Crosby beat a series of drug charges but lost in Texas after being arrested with a drug pipe and gun at a club in Dallas and went to prison in 1985. The prison system required him to shave his trademark bushy mustache, but he found solace in playing in the prison band during his year of incarceration.

“Playing and singing straight was an unfamiliar feeling,” he wrote. “I hadn’t been onstage with a drug-free system in more than 25 years.”

After his release, Crosby told People magazine he had beaten his addictions.

“Most people who go as far as I did with drugs are dead,” he said. “Hard drugs will hook anyone. I don’t care who you are. … I have a Ph.D. in drugs.”

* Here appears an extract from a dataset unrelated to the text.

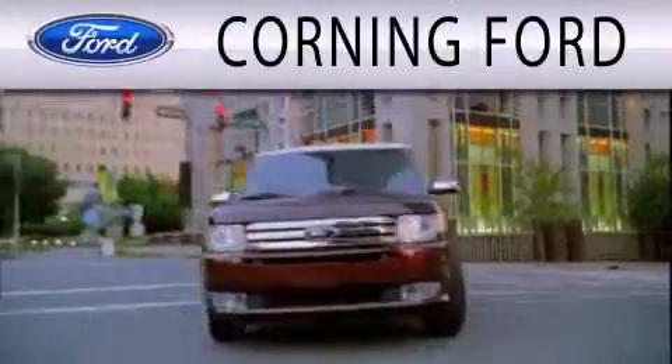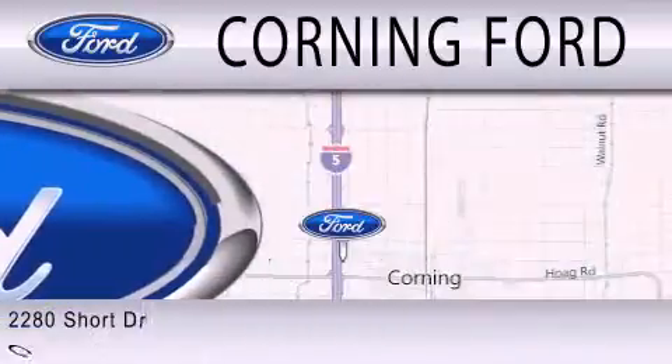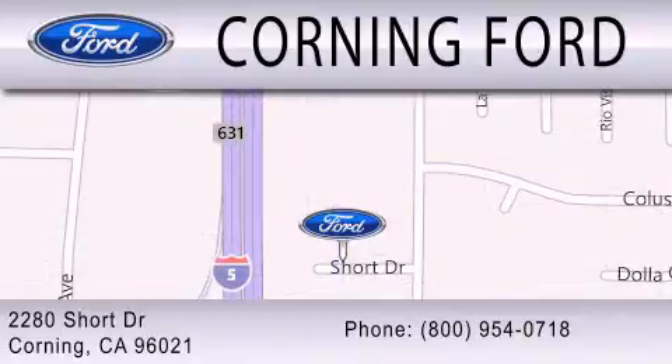Corning Ford is dedicated to doing everything possible to ensure that the experience you have selecting your next vehicle is as pleasant as possible. We're located at 2280 Short Drive in Corning. Get the best price the first time from our internet sales department and get one step closer to your next vehicle.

He was also arrested on gun and marijuana charges in New York in 2004.

In 2014 he released “Croz,” his first solo album since 1993, but his tour to promote the record was interrupted in February by heart surgery.

He continued recording and was an active presence on Twitter, in addition to writing an advice column in Rolling Stone.

In March 2021, The Guardian reported that Crosby sold the recorded music and publishing rights to his entire music catalog to Irving Azoff’s Iconic Artists Group for an undisclosed sum. He was quoted as saying that the COVID-19 pandemic prevented him from playing concerts and that the widespread use of music streaming “stole my money.”